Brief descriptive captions
▬▬▬▬▬▬

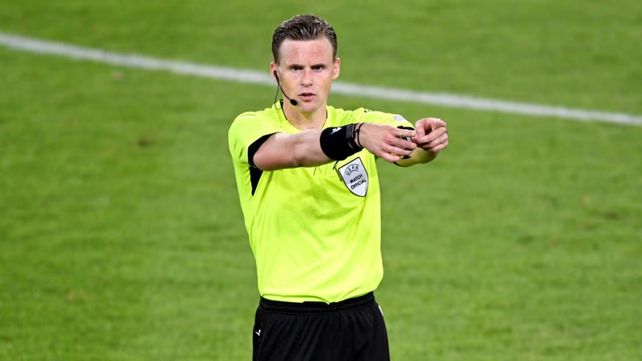 Fifa le puso condimento a la previa: un árbitro francés dirigirá Argentina-Egipto por los octavos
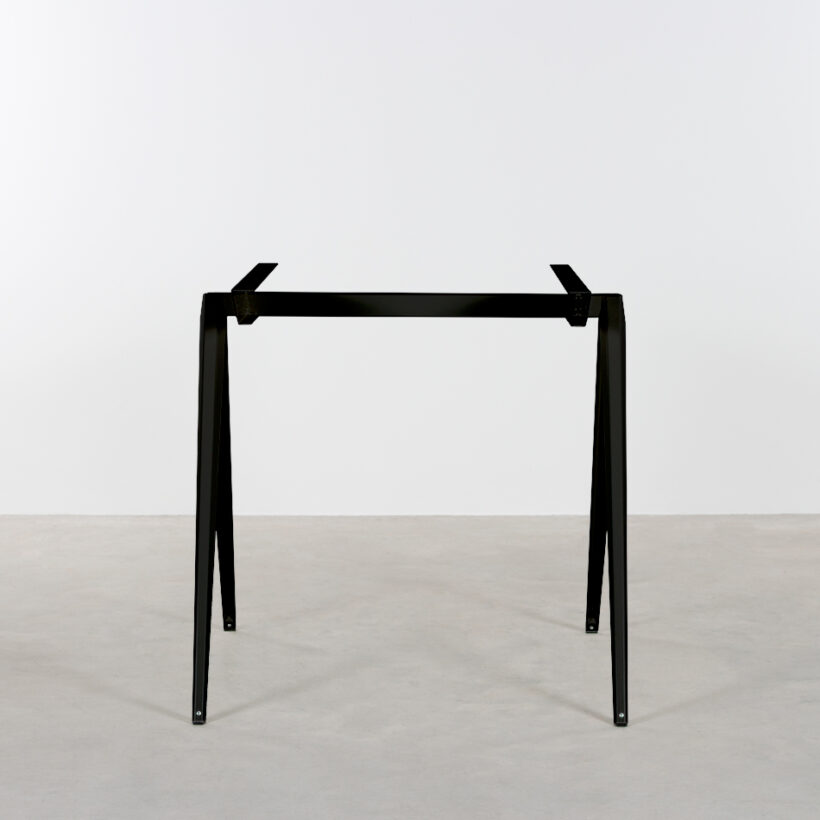 TD4 Bistro Frame Black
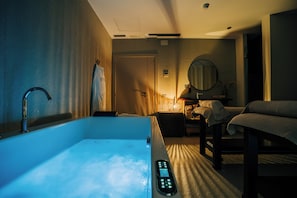 Een Turks bad/hammam, lichaamsbehandelingen, zwangerschapsmassages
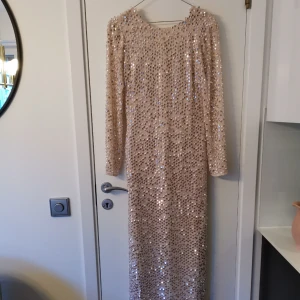  - Paljettklänning från Asos. Slits i sidan. Använd 1 gång. 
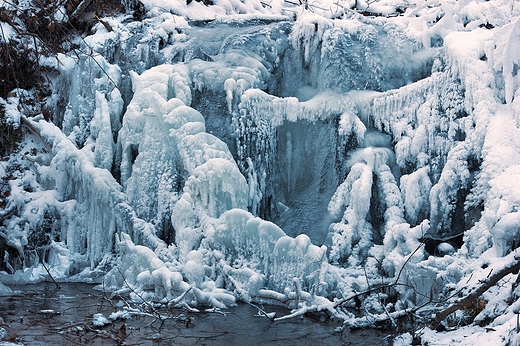 Roztoczaska Niagara w okowach mrozu. Polanka Horyniecka.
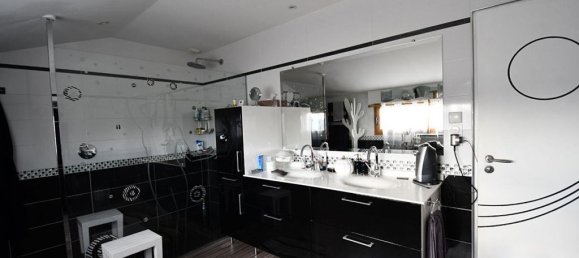 2 bedrooms House in Chateau-Thebaud, France No. 104912 5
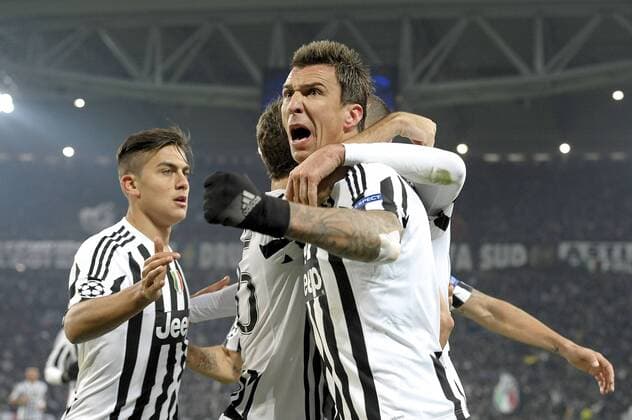 Fußball, Champions League, Juventus Turin - Manchester City Mario Mandzukic Juventus dopo gol 1-0, goal celebration - Turin, 25.11.2015 - Fussball - UEFA Champions League 2015 2016 - Juventus Turin vs Manchester City - filippoxalfero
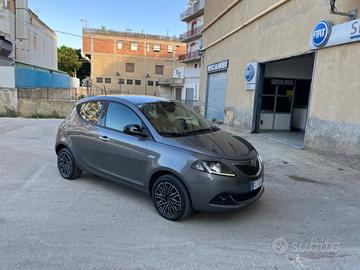 Lancia Ypsilon 1.0 FireFly 5p S&S Hybrid Gold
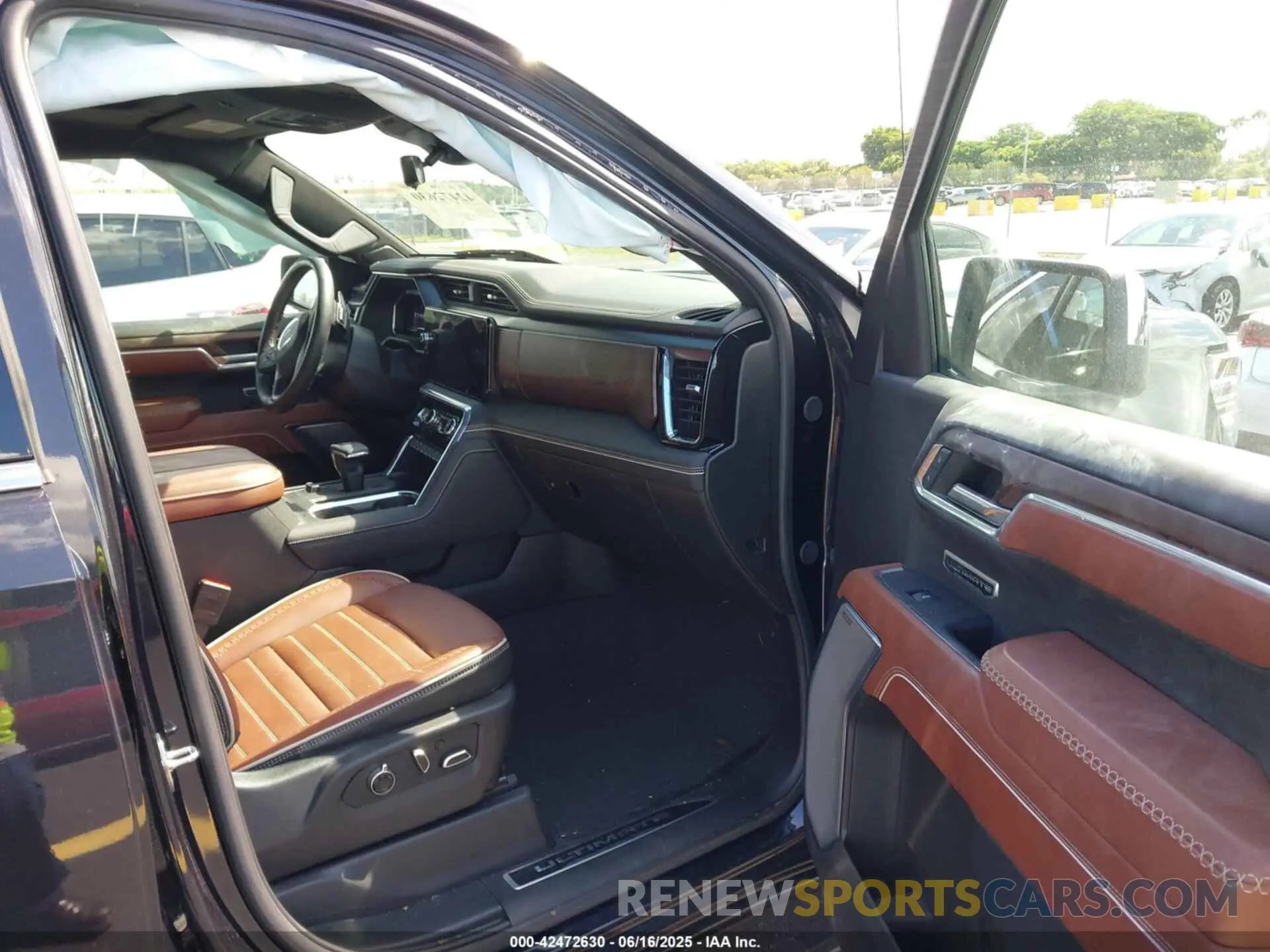 5 fotografías del automóvil dañado 1GTUUHEL7RZ346045 GMC SIERRA 1500 2024
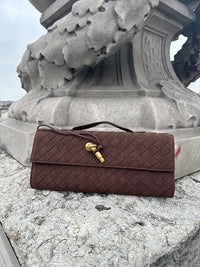 Elegant Shoulder Bag | Gold Bow Detail | Timeless Minimalist Style | Everyday Use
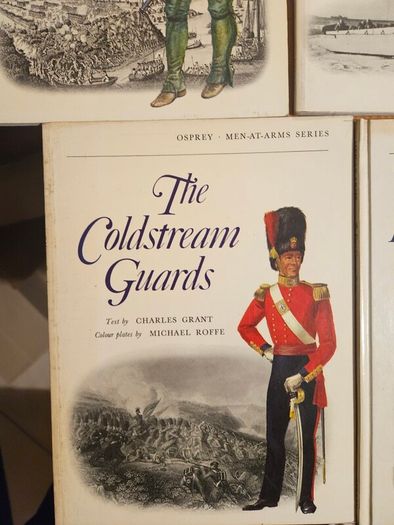 Osprey Men-at-arms Series, Published In 1974 X 15 Fabolous Military Books Plus 2 X Military  Modeling Annuals 1 &3. Plus 3 Other Military Books. All In Good Condition.  See Photos For Same.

▬▬▬▬▬▬

From the records above, transcribe only the stretch from the line with "Fußball, Champions League, Juventus" through the line with "Elegant Shoulder Bag", keeping both ends. Omit pictures.

* [Solution to this exercise]
 Fußball, Champions League, Juventus Turin - Manchester City Mario Mandzukic Juventus dopo gol 1-0, goal celebration - Turin, 25.11.2015 - Fussball - UEFA Champions League 2015 2016 - Juventus Turin vs Manchester City - filippoxalfero
 Lancia Ypsilon 1.0 FireFly 5p S&S Hybrid Gold
 5 fotografías del automóvil dañado 1GTUUHEL7RZ346045 GMC SIERRA 1500 2024
 Elegant Shoulder Bag | Gold Bow Detail | Timeless Minimalist Style | Everyday Use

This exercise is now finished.